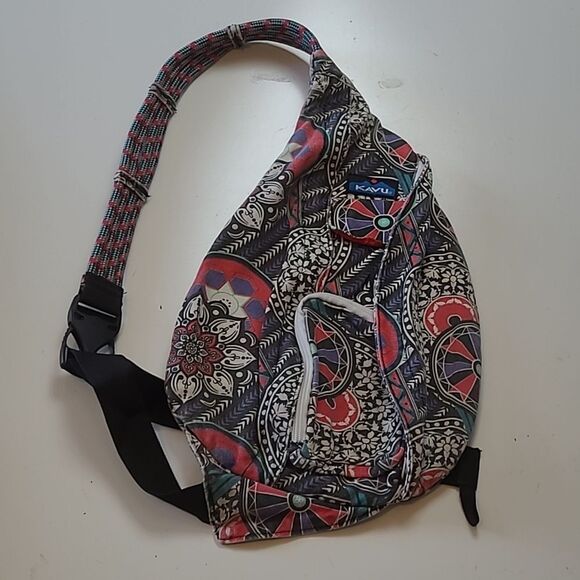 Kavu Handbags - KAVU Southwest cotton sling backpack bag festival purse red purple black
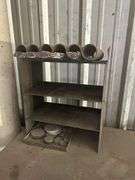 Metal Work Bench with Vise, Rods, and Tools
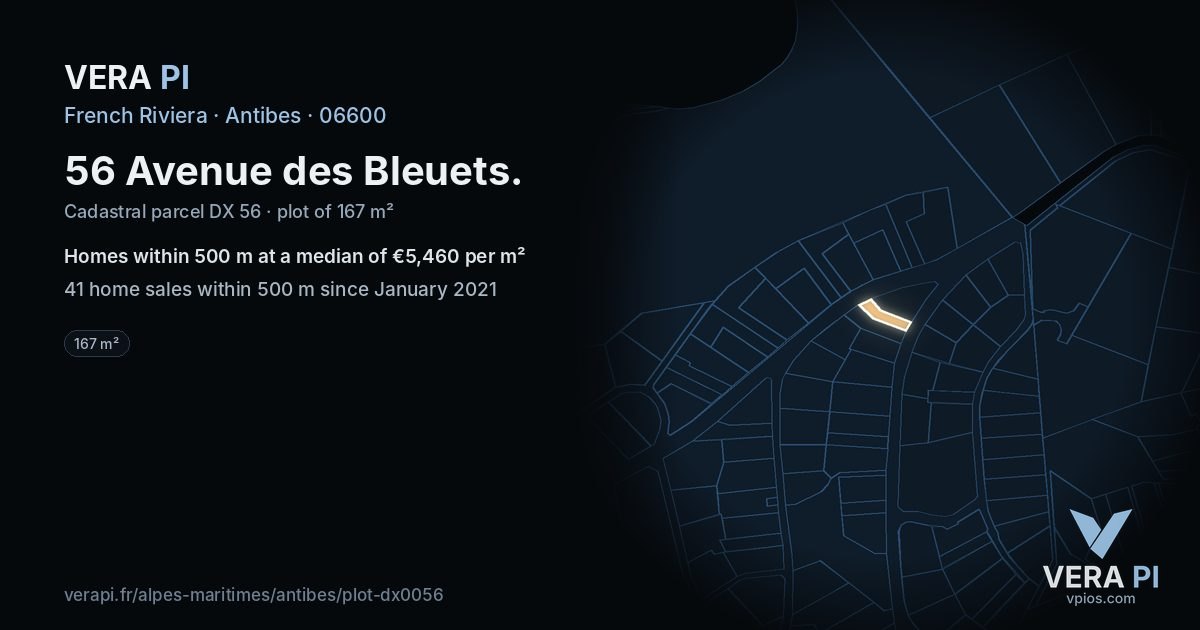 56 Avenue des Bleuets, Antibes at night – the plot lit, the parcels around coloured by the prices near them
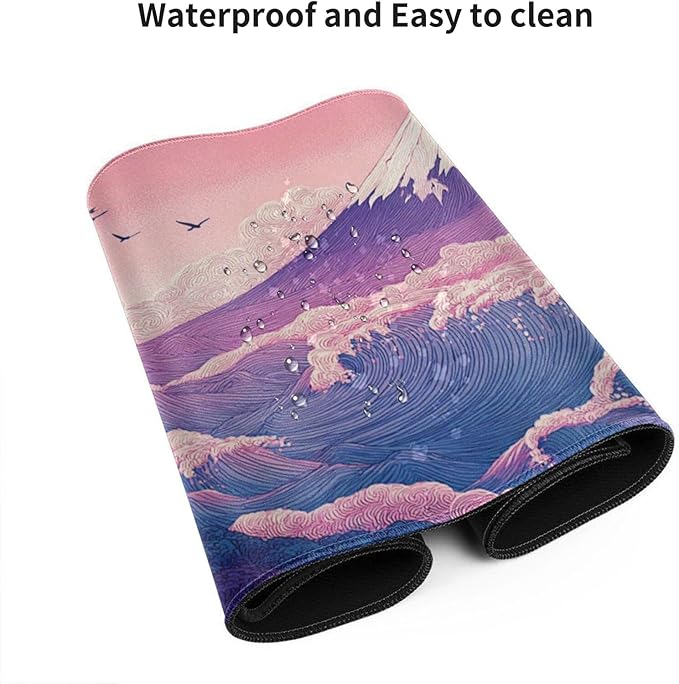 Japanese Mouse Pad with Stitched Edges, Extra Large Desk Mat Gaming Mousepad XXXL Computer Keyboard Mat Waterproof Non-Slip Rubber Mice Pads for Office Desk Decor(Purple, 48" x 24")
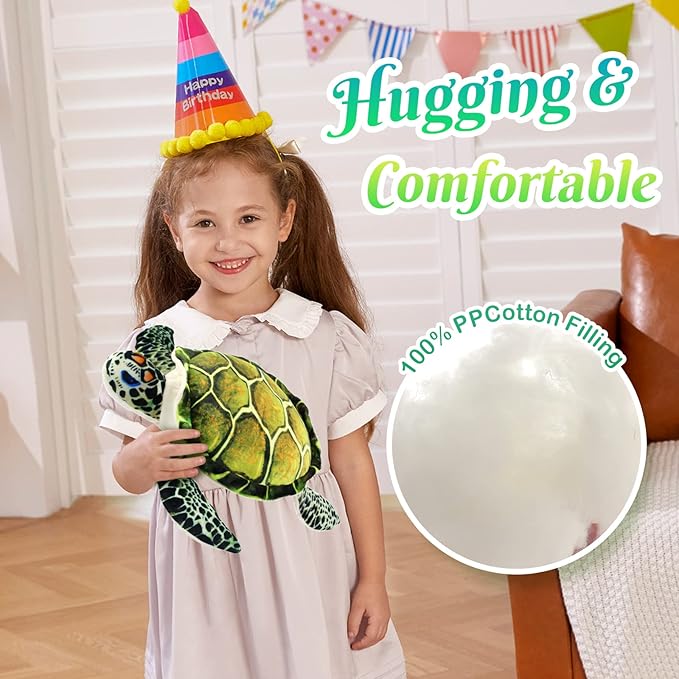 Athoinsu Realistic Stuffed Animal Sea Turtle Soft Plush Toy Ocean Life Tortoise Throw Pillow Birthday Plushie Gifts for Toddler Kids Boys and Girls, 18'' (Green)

☆ ☆ ☆ ☆

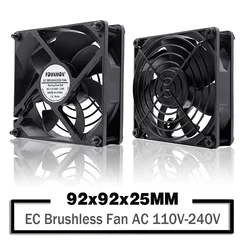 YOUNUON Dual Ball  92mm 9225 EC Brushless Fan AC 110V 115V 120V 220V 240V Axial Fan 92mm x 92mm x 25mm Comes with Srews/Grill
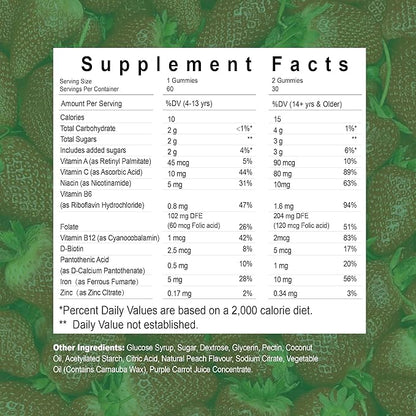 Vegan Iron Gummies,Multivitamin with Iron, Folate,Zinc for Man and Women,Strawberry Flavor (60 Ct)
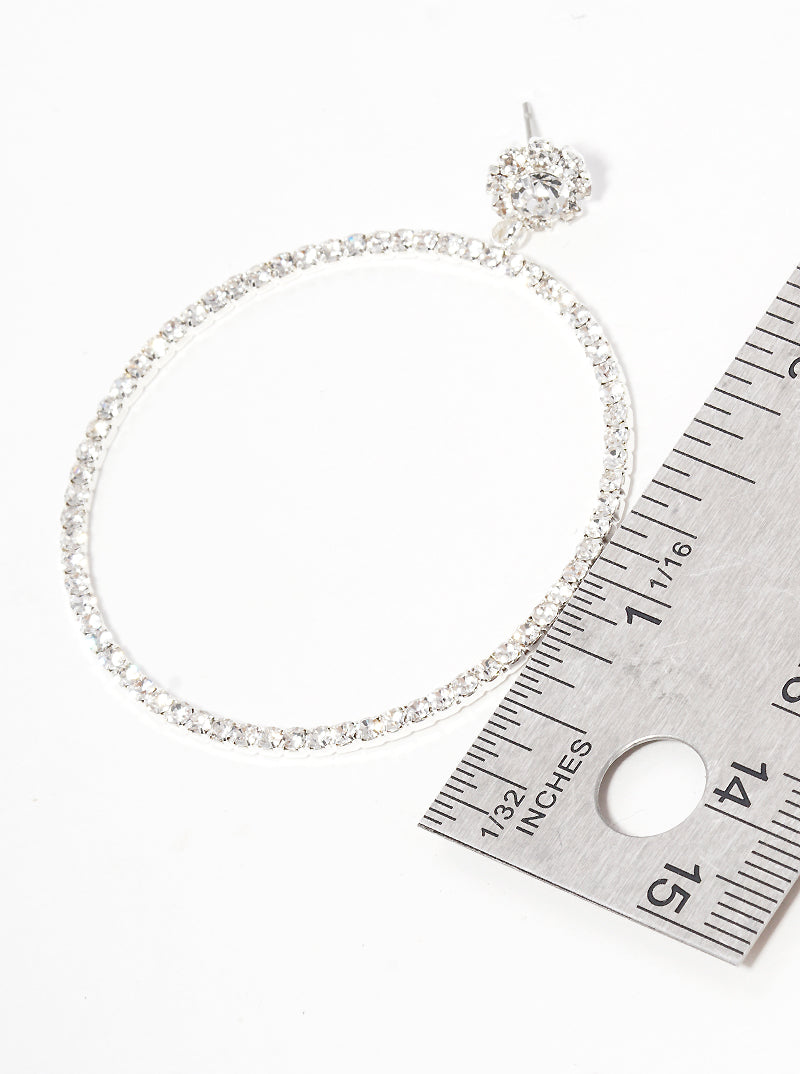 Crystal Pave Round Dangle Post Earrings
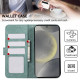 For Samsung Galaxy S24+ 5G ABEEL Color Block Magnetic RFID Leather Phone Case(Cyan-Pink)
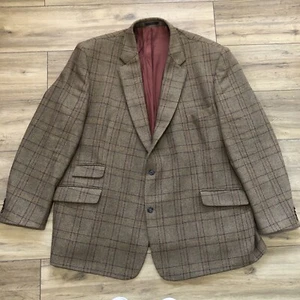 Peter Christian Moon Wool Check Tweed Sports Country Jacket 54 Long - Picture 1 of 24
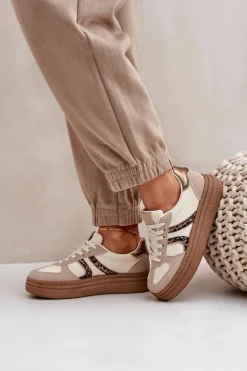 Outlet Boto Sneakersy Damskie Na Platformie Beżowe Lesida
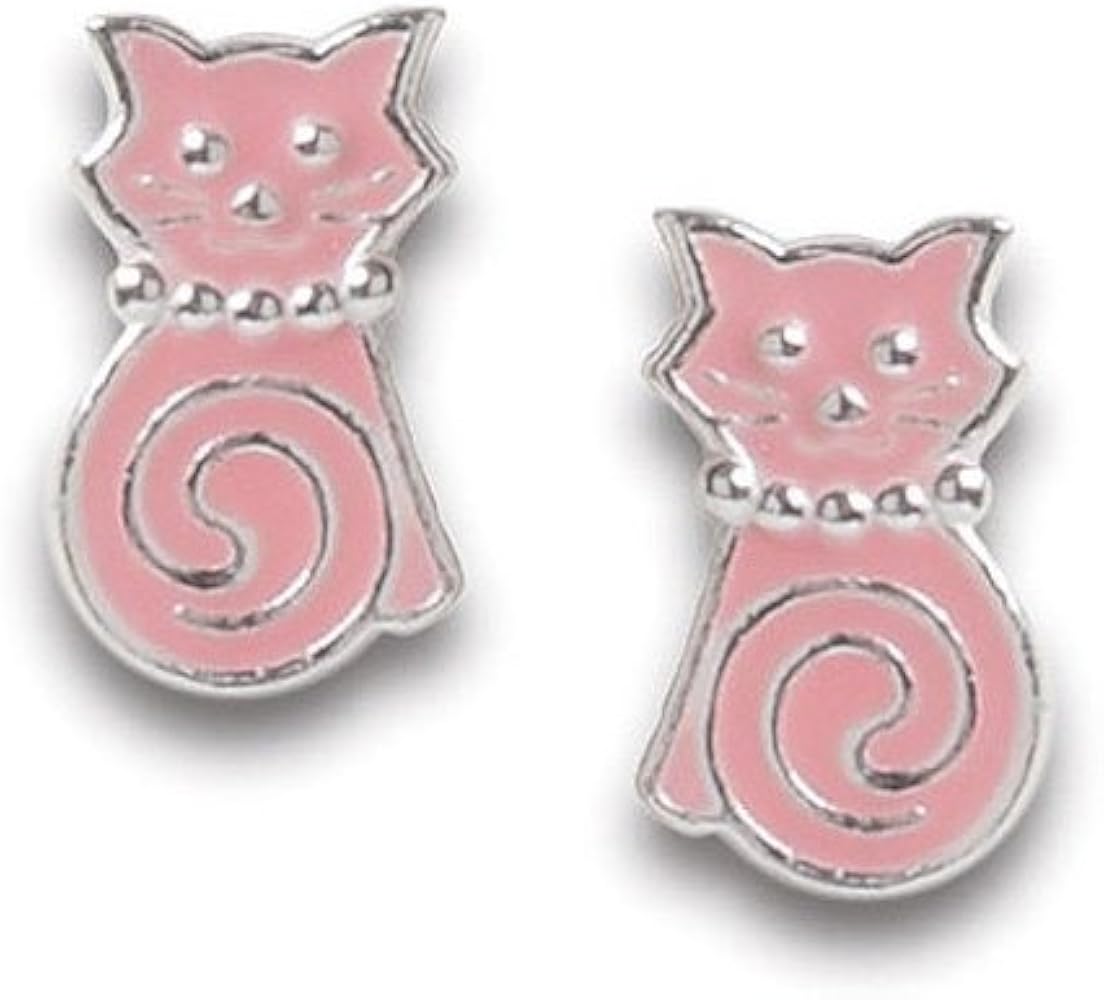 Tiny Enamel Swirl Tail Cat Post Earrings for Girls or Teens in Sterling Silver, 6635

☆ ☆ ☆ ☆

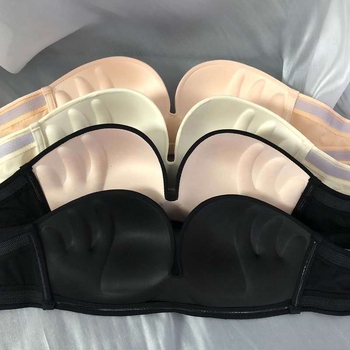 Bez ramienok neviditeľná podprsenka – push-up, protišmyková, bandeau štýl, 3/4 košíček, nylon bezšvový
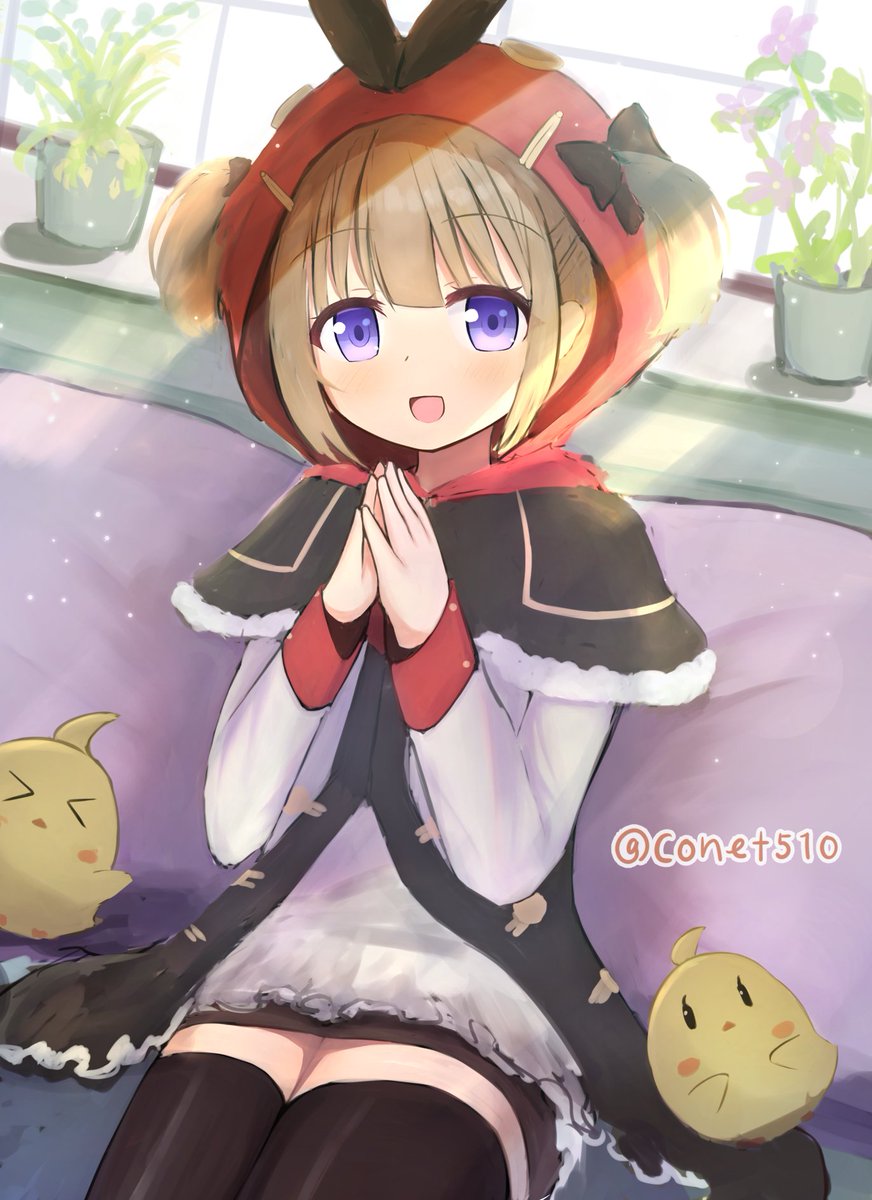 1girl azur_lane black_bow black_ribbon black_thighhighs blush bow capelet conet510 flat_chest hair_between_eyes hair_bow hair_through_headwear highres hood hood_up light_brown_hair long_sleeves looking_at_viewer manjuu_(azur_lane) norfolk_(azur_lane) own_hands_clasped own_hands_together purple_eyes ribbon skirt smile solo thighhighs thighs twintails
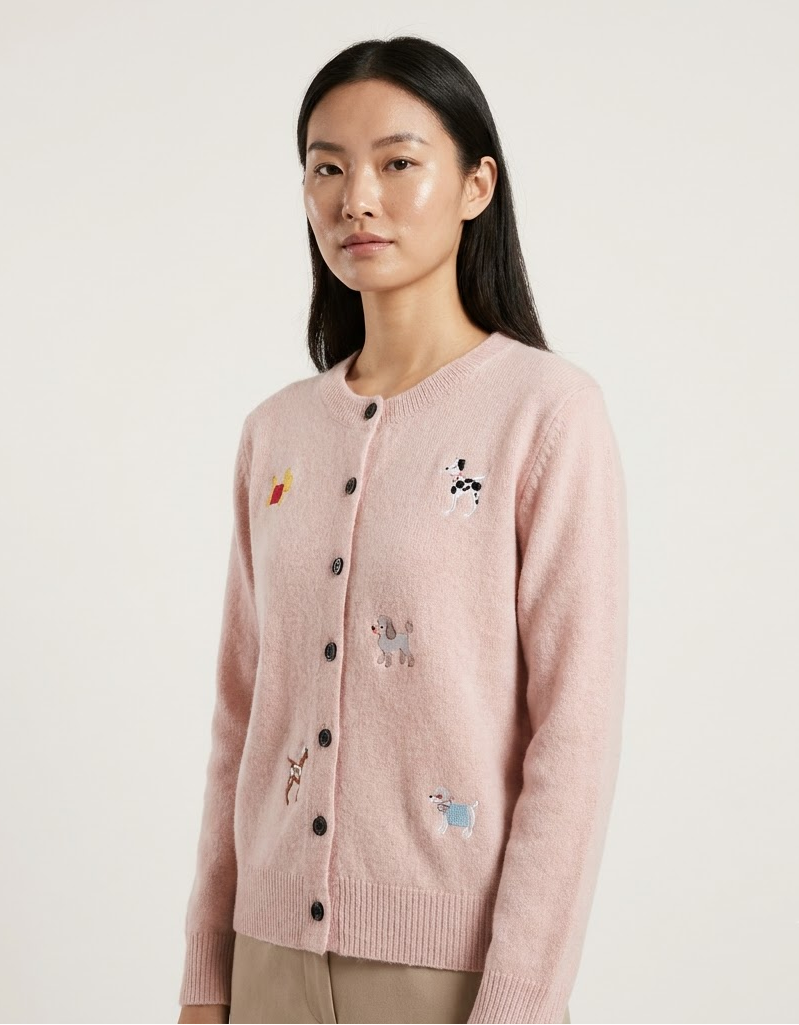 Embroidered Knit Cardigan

☆ ☆ ☆ ☆

Return exactly the stretch above whose first line contains "YOUNUON Dual Ball" and whose last line contains "Tiny Enamel Swirl", and nothing outside it. The pictures should not appear.

# Task output
 YOUNUON Dual Ball  92mm 9225 EC Brushless Fan AC 110V 115V 120V 220V 240V Axial Fan 92mm x 92mm x 25mm Comes with Srews/Grill
 Vegan Iron Gummies,Multivitamin with Iron, Folate,Zinc for Man and Women,Strawberry Flavor (60 Ct)
 Crystal Pave Round Dangle Post Earrings
 For Samsung Galaxy S24+ 5G ABEEL Color Block Magnetic RFID Leather Phone Case(Cyan-Pink)
 Peter Christian Moon Wool Check Tweed Sports Country Jacket 54 Long - Picture 1 of 24
 Outlet Boto Sneakersy Damskie Na Platformie Beżowe Lesida
 Tiny Enamel Swirl Tail Cat Post Earrings for Girls or Teens in Sterling Silver, 6635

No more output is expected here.